Mucho se habla por estos días sobre el rápido avance de las tecnologías, los mercados digitales disruptivos, los alcances del “Big Data” y de lo que en general es conocido como la revolución digital. Autoridades de competencia en el mundo han sido contundentes en afirmar que se deben aplicar las normas de competencia a estas realidades y han hecho un esfuerzo por lograrlo. El Departamento de Justicia de Estados Unidos, por ejemplo, ha afirmado que no tolerará conductas anticompetitivas independientemente de si estas ocurren en un salón lleno de humo o a través de Internet y de sofisticados algoritmos.

La pregunta que cabe hacerse es si realmente sí se pueden aplicar los regímenes de competencia clásicos (”consumer welfare standard”) de manera indiferente a los acuerdos de precios acordados entre personas y a aquellos que se derivan de máquinas inteligentes que, a través de autoaprendizaje (”self-learning”), pueden desarrollar de manera autónoma ambientes de alta transparencia en los precios del mercado que podrían eventualmente dar lugar a una colusión tácita.

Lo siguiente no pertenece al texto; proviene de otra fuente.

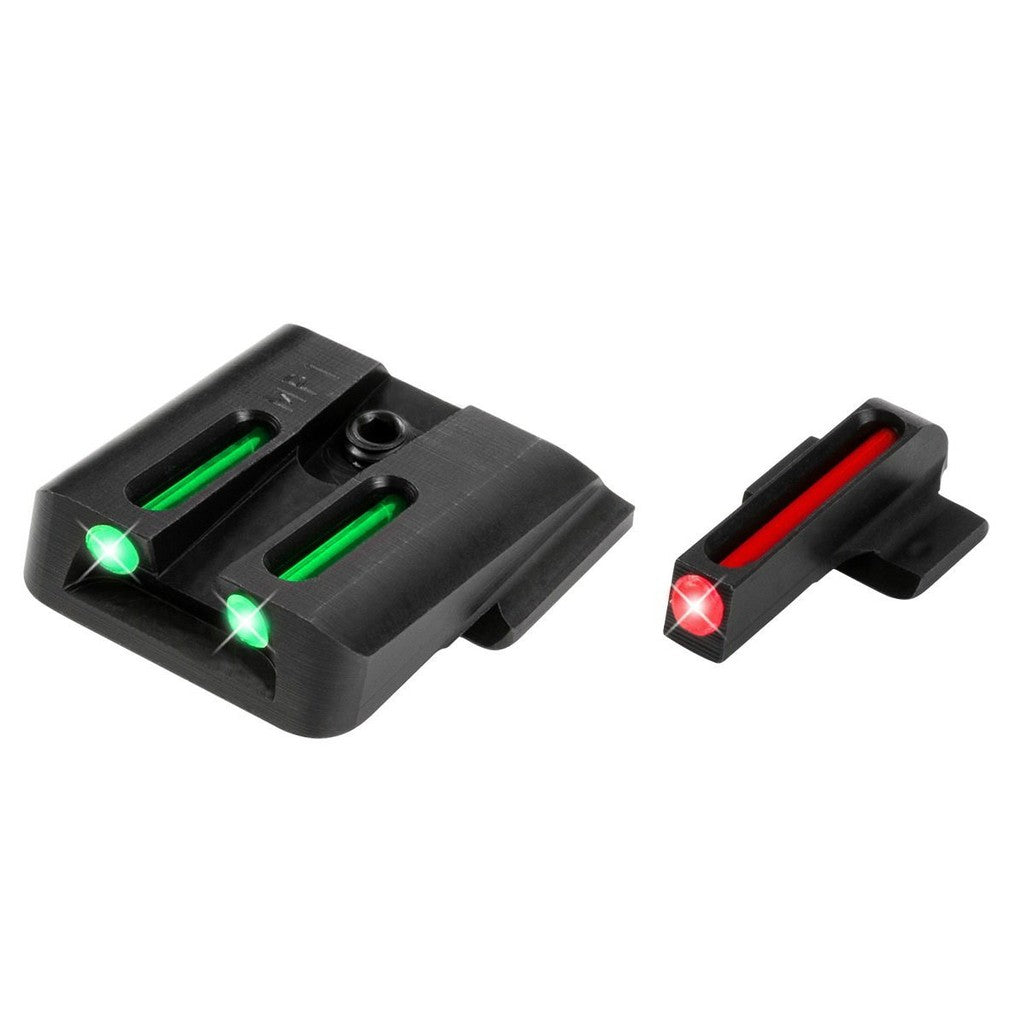 Fiber Optic Sights for Smith & Wesson M&P Shield SD9 SD40 - Red Front Green Rear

En este punto es preciso aclarar que el problema no se da frente a los casos en los que una empresa utiliza o crea las máquinas inteligentes para deliberadamente acordar precios con la competencia. Es evidente que en este caso se trataría de un cartel común y que lo que varía es el medio a través del cual se llega a la fijación de precios. El problema realmente surge en el escenario en el que se crea una máquina para una finalidad lícita distinta a la de acordar precios pero que aumenta los riesgos de generar un ambiente de paralelismo por las dinámicas que se producen en esos mercados cuando más de una empresa competidora utiliza mecanismos de inteligencia artificial para maximizar su negocio y generar eficiencias a través de la inteligencia artificial.

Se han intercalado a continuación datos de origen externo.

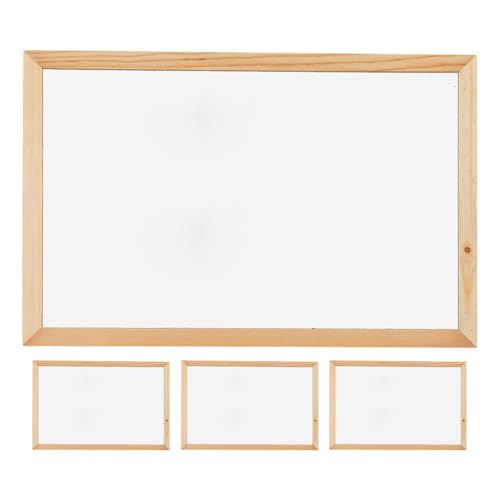 COOPHYA 4-teiliges kleines Schreibbrett, Desktop-Whiteboard für Notizen, Nachrichten und Erinnerungen, wiederverwendbarer, trocken abwischbarer Notizblock für das Büro zu Hause, in der Schule COOPHYA 4-teiliges kleines Schreibbrett, Desktop-Whiteboard für Notizen, Nachrichten und Erinnerungen, wiederverwendbarer, trocken abwischbarer Notizblock für das Büro zu Hause, in der Schule von COOPHYA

El reconocido profesor Ariel Ezrachi en su artículo sobre “Inteligencia Artificial y Colusión” se cuestiona acerca de si en un escenario de autoaprendizaje por parte de máquinas inteligentes podría la ley atribuir responsabilidad a compañías. Según Ezrachi, en estos casos se debe analizar a qué nivel deberían responder las personas y, además, es preciso delimitar si quien responde es, por ejemplo, el diseñador de la máquina o su operador y hasta dónde llega su responsabilidad. Acá es relevante considerar qué tan posible era prever o predeterminar alguna acción ilegal al momento de su creación y qué tan posible es para los operadores detectar los riesgos de colusión.

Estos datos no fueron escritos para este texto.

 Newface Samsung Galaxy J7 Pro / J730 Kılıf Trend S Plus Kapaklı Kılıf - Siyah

Dado que la tecnología puede imitar el comportamiento humano y puede desarrollar incluso su propia capacidad de aprender con base en variados y complejísimos factores, ¿hasta qué punto la responsabilidad debe ser imputada a quien diseña para fines lícitos o a quien opera legítimamente? ¿Qué ocurre si además son las mismas máquinas inteligentes las que permiten obtener información más precisa, precios más transparentes, maximizar las ganancias y tomar mejores decisiones en favor de consumidores en menor tiempo?

Los retos y las dudas que surgen de este tema son infinitos. Lo que es un hecho es que las nuevas realidades exigen replantear también el régimen jurídico. En los escenarios de colusión tácita generados por la inteligencia artificial se deben distinguir las diferentes etapas de creación e implementación de los mismos para determinar, de manera ajustada a la realidad, la responsabilidad en un contexto de prácticas restrictivas de la competencia. Bajo estas circunstancias, aventurarse a conclusiones basadas en disposiciones diseñadas para esquemas antiguos parecería ser un error.